> _EXERCISE PROMPT_
Transcribe every line from the one containing "Drill Clothing Oh" to the end of the listing, exactly as written, and leave out the pictures.

> _GIVEN INFORMATION_

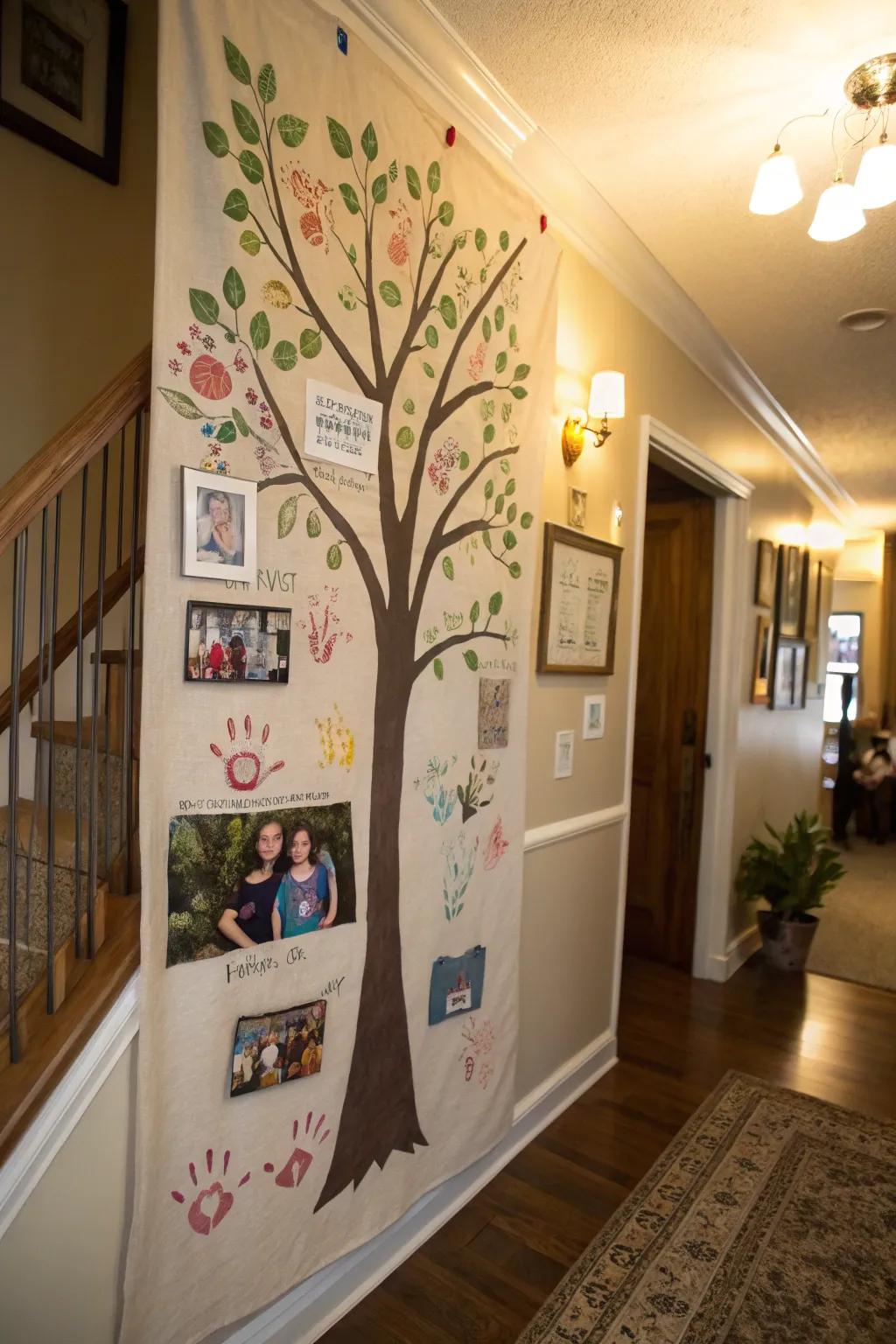 Unique ancestry design canvas in a hallway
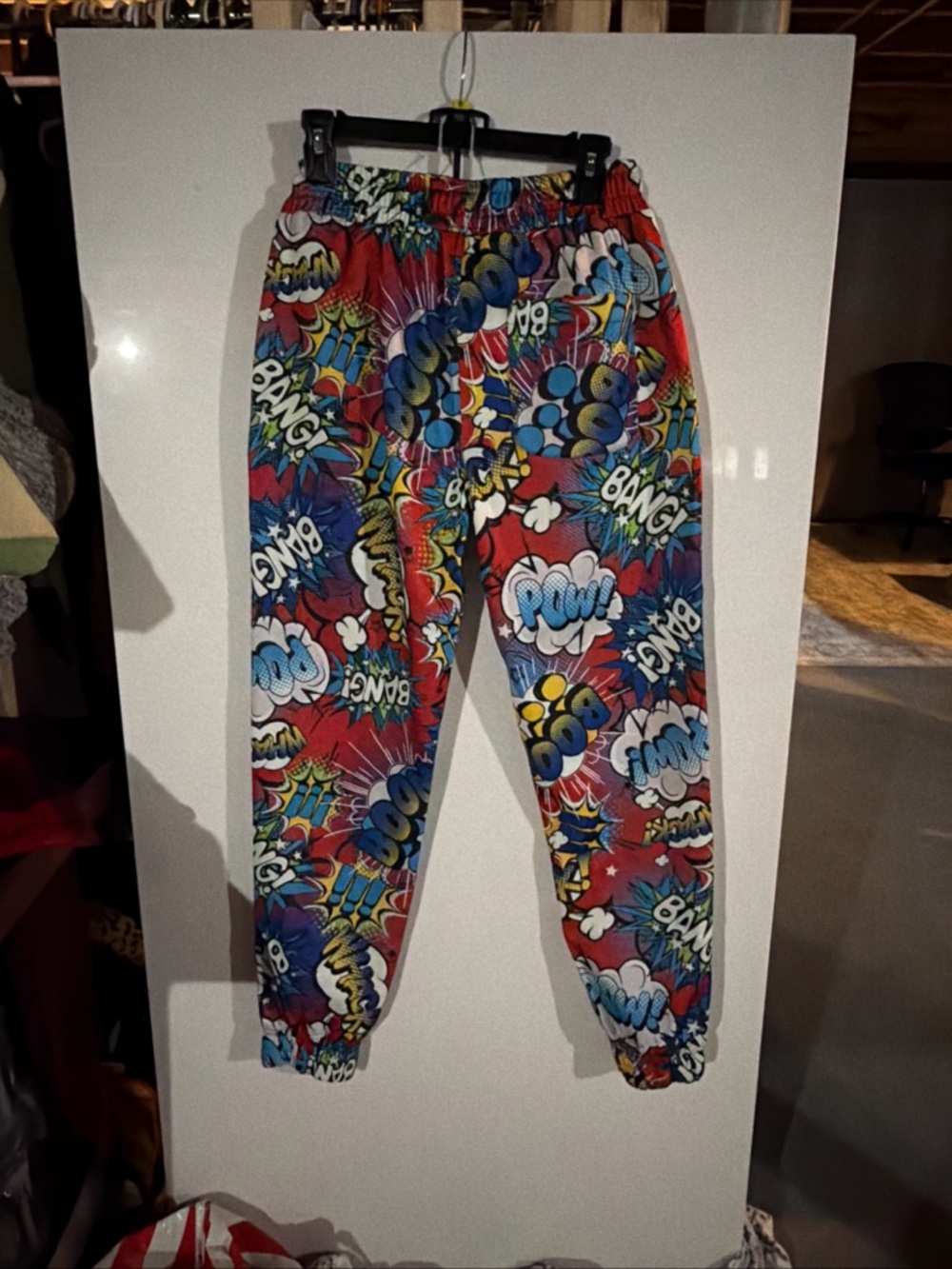 Drill Clothing Oh Snap! Comic Pop Art Joggers - Red Multicolor unisex size small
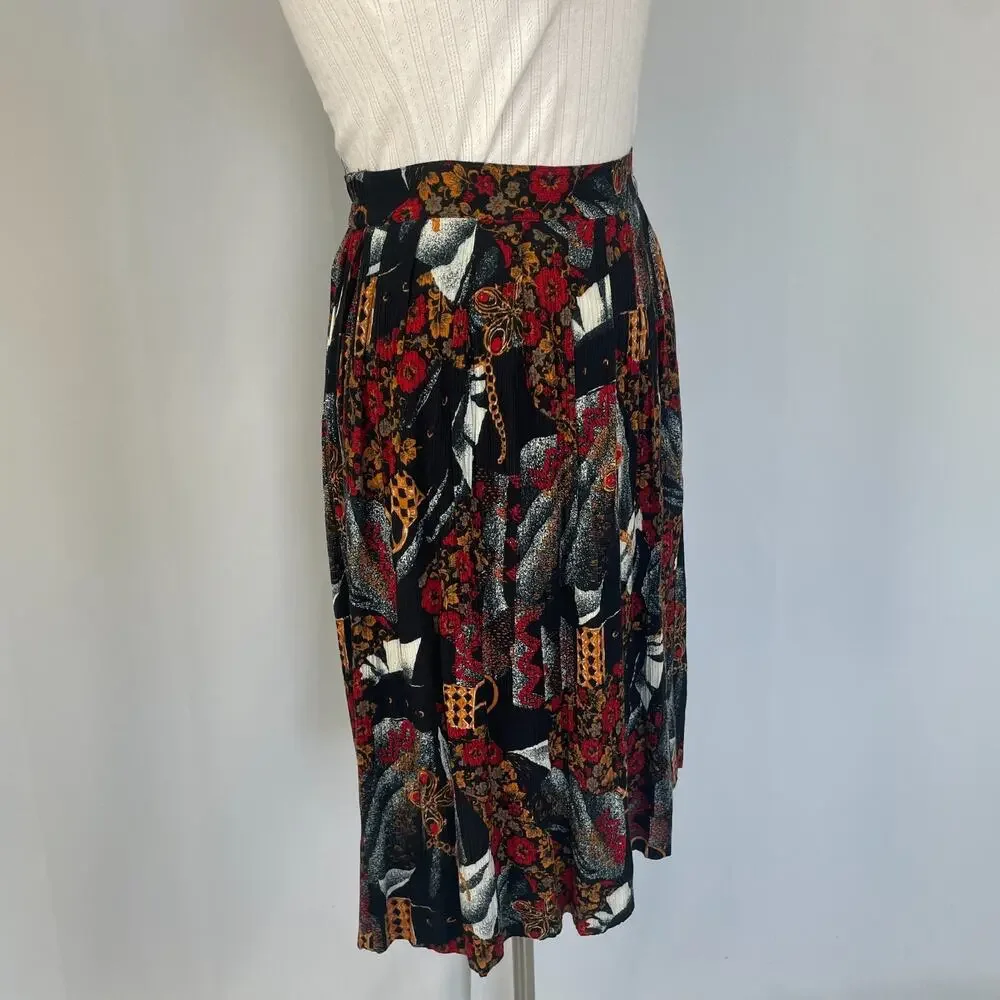 Vintage Midi Skirt Size 10 Petite 10P Black Red Mix Print Floral Preppy Academia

> _YOUR SOLUTION_
 Drill Clothing Oh Snap! Comic Pop Art Joggers - Red Multicolor unisex size small
 Vintage Midi Skirt Size 10 Petite 10P Black Red Mix Print Floral Preppy Academia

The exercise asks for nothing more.